··· Excerpted records
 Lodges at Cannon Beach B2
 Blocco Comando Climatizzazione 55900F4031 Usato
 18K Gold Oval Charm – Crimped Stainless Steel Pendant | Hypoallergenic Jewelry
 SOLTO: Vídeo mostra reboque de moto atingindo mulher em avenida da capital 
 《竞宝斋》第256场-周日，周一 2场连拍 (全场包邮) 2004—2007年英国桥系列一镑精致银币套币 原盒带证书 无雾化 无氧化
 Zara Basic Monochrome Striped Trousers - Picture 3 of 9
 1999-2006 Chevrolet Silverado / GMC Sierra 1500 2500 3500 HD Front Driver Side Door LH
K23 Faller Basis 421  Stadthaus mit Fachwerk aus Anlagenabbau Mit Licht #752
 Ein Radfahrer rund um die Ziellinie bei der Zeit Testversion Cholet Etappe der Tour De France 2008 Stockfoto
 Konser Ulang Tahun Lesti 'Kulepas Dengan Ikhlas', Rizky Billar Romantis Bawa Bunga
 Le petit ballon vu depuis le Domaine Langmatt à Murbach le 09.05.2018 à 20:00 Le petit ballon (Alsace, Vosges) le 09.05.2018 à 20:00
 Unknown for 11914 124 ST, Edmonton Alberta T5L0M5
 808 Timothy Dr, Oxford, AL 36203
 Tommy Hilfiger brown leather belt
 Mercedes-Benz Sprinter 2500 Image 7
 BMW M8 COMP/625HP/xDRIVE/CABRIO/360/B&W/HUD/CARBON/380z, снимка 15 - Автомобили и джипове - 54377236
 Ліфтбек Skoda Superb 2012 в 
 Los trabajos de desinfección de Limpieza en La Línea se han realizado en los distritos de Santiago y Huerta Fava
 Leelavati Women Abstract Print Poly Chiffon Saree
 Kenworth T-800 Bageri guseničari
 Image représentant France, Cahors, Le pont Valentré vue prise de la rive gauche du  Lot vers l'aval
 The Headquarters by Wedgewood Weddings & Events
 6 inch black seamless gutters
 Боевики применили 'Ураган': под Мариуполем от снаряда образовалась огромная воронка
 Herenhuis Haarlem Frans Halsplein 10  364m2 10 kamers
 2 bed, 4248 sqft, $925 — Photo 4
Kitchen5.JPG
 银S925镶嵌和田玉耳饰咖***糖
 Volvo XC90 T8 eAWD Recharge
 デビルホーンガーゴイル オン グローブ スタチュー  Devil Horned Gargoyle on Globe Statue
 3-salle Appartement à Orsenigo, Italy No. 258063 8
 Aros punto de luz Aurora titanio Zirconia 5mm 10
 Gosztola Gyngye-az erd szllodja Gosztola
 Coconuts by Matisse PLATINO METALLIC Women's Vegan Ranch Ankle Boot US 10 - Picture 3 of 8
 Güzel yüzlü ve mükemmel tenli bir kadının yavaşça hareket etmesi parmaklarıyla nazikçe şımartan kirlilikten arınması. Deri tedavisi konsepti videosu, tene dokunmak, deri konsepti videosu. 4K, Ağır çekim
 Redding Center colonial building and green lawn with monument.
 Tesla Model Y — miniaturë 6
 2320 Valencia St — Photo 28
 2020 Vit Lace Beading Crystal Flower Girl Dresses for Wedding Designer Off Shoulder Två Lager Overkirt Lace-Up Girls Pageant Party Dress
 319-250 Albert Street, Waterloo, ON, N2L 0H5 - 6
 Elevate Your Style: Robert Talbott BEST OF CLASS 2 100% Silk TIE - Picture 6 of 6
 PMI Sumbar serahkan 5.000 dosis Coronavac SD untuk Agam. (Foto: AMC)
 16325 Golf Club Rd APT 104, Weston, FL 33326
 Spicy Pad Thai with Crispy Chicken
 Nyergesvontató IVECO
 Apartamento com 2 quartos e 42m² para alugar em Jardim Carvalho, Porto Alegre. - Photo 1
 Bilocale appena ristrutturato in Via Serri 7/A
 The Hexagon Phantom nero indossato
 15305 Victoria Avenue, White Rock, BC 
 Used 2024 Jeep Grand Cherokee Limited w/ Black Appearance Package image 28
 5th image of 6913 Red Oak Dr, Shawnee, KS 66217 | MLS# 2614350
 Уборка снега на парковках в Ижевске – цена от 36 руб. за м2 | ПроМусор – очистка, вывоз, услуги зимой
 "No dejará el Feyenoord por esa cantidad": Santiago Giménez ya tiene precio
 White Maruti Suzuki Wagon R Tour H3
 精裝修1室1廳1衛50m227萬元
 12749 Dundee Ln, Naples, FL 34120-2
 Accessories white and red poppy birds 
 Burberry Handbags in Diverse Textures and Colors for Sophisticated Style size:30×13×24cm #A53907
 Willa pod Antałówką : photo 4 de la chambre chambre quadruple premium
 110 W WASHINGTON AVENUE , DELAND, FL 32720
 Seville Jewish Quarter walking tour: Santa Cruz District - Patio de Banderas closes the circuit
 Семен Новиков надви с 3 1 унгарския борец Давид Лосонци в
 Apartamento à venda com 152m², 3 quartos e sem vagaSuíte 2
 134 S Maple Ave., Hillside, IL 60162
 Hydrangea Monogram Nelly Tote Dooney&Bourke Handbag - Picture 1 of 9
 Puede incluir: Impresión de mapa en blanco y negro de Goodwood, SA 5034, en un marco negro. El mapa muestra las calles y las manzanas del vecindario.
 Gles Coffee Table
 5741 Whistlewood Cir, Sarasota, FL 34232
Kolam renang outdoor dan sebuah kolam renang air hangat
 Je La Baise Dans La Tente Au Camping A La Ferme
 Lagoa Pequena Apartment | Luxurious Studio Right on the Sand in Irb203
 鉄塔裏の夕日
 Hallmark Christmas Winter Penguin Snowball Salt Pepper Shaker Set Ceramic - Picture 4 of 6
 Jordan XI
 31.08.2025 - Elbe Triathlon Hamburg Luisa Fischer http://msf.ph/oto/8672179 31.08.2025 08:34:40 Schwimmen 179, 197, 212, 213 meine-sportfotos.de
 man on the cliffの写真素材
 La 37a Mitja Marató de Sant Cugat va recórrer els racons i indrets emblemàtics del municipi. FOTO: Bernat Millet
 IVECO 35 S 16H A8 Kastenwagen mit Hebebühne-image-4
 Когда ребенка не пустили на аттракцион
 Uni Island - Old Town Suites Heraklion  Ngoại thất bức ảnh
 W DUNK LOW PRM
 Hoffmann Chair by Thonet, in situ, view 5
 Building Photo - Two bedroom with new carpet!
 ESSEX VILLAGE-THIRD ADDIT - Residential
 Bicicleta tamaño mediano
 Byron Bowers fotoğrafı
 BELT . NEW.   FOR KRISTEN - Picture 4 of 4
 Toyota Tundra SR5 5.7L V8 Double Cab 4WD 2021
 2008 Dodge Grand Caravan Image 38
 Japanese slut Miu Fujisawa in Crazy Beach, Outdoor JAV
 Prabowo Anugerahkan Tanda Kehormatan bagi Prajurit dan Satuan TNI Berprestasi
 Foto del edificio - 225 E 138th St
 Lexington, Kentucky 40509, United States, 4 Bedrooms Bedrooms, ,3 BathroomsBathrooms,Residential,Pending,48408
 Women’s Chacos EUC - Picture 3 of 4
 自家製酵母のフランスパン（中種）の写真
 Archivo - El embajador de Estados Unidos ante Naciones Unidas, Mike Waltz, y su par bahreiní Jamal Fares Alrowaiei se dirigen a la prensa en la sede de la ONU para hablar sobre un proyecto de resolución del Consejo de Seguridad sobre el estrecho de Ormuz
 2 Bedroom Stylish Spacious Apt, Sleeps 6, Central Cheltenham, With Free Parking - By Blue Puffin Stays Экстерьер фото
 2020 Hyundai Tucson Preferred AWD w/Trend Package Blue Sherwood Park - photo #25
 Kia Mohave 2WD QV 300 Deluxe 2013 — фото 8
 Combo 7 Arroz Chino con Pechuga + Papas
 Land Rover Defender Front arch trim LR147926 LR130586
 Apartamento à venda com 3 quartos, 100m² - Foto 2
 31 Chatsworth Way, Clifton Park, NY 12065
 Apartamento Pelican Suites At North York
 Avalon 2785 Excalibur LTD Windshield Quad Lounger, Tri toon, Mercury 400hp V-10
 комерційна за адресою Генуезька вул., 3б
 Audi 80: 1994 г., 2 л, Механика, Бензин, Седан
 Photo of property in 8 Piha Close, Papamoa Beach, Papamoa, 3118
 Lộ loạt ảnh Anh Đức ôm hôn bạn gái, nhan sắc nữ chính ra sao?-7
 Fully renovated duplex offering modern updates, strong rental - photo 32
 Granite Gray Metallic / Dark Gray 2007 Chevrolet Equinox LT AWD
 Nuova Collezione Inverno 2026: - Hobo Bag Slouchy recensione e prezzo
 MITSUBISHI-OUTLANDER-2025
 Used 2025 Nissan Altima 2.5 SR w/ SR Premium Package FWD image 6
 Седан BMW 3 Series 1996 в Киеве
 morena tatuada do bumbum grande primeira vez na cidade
······
What this task involves – Copy out each line of the records that holds the string "Front".

Worked solution –
 1999-2006 Chevrolet Silverado / GMC Sierra 1500 2500 3500 HD Front Driver Side Door LH
 Land Rover Defender Front arch trim LR147926 LR130586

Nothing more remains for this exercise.